## WHAT IS BEING ASKED
Reproduce all of the records word for word, omitting the pictures.

Captioned web image data:

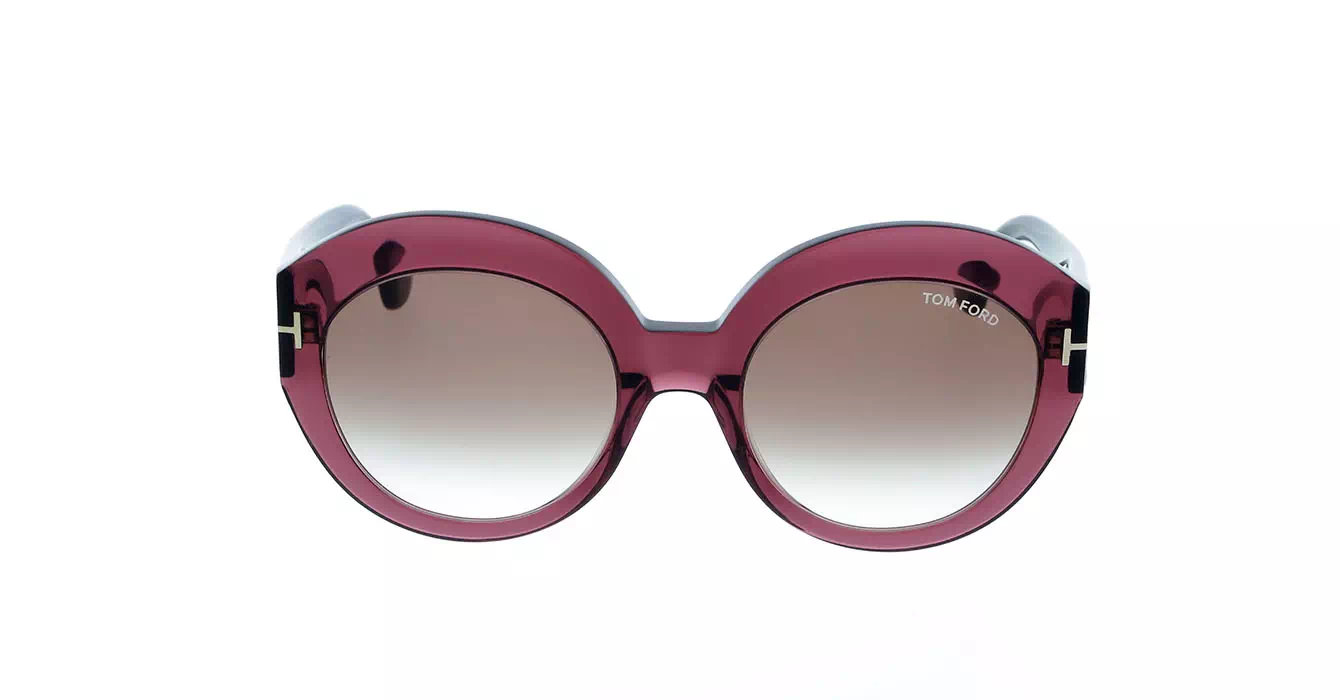 Tom Ford FT533 col 71F RACHEL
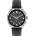 Lee Cooper Мъжки часовник lee cooper lc07514.351 (b--lc07514.351)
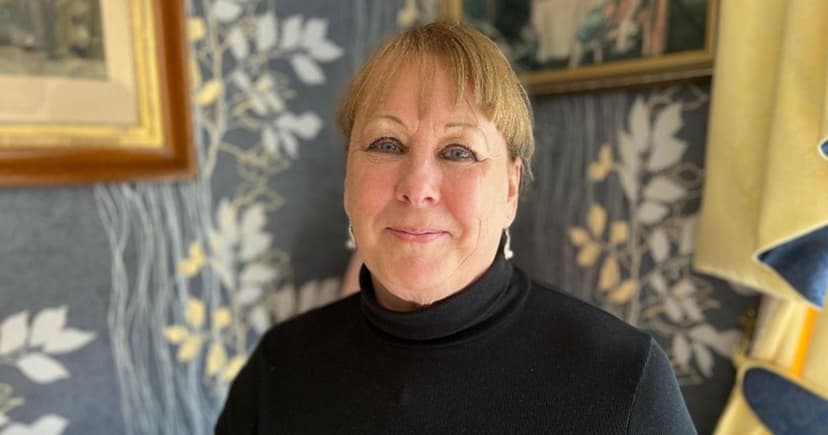 Carer Denied Husband's Discharge Over Missing Paperwork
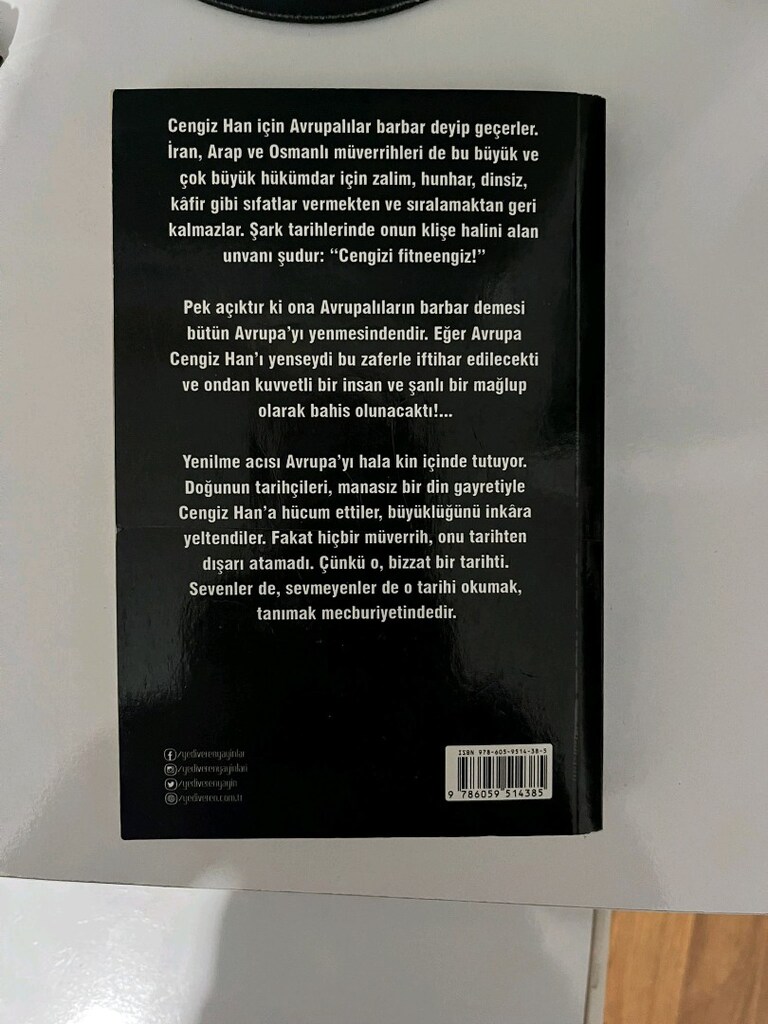 Okuma Kitapları 50 TL Adet Fiyatı - 14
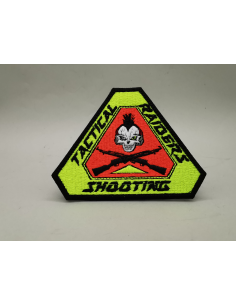 PATCH_TACTICAL_RAIDERS_-_ZARRON_1628094146_0.png
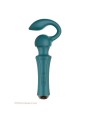 Xocoon - Accessori Massaggiatore Personale Verde - XOCOON - Magic Wand | erosidea.com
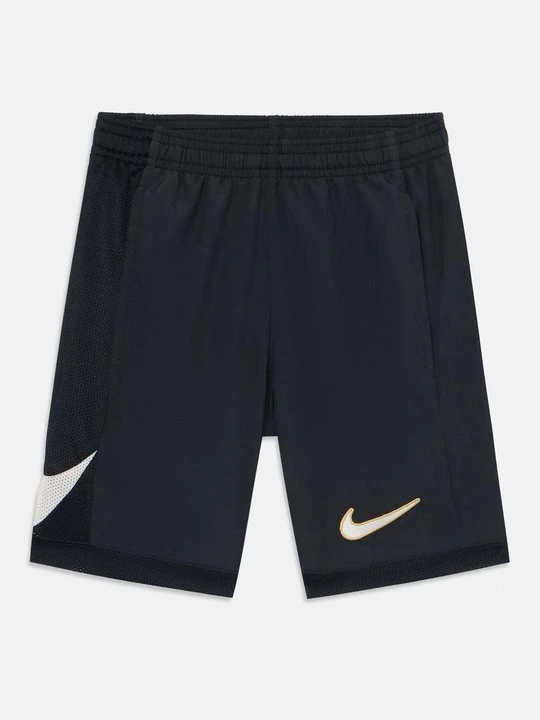 Zdjęcie produktu Krótkie spodenki sportowe Nike czarny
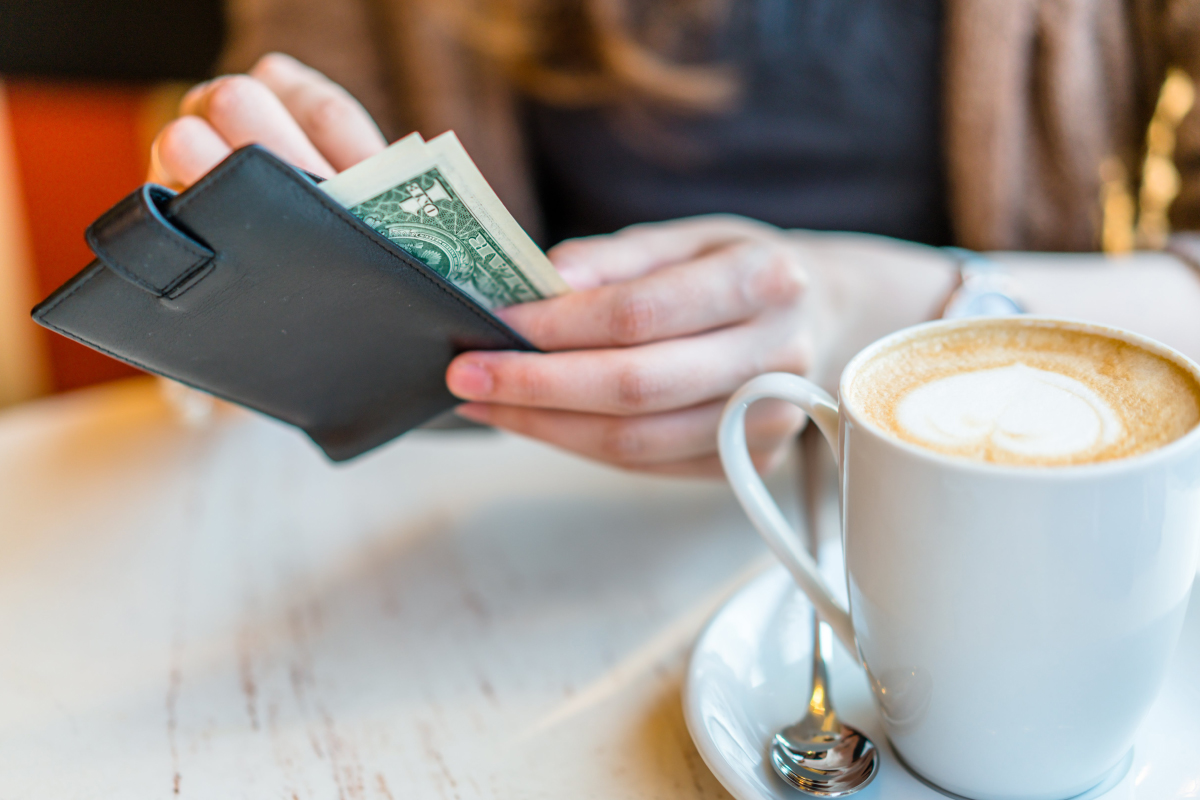 How Much to Tip in Bali? Guide Tipping in 2025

## OUTPUT OF THE EXERCISE
 Tom Ford FT533 col 71F RACHEL
 Lee Cooper Мъжки часовник lee cooper lc07514.351 (b--lc07514.351)
 Carer Denied Husband's Discharge Over Missing Paperwork
 Okuma Kitapları 50 TL Adet Fiyatı - 14
 PATCH_TACTICAL_RAIDERS_-_ZARRON_1628094146_0.png
 Xocoon - Accessori Massaggiatore Personale Verde - XOCOON - Magic Wand | erosidea.com
 Zdjęcie produktu Krótkie spodenki sportowe Nike czarny
 How Much to Tip in Bali? Guide Tipping in 2025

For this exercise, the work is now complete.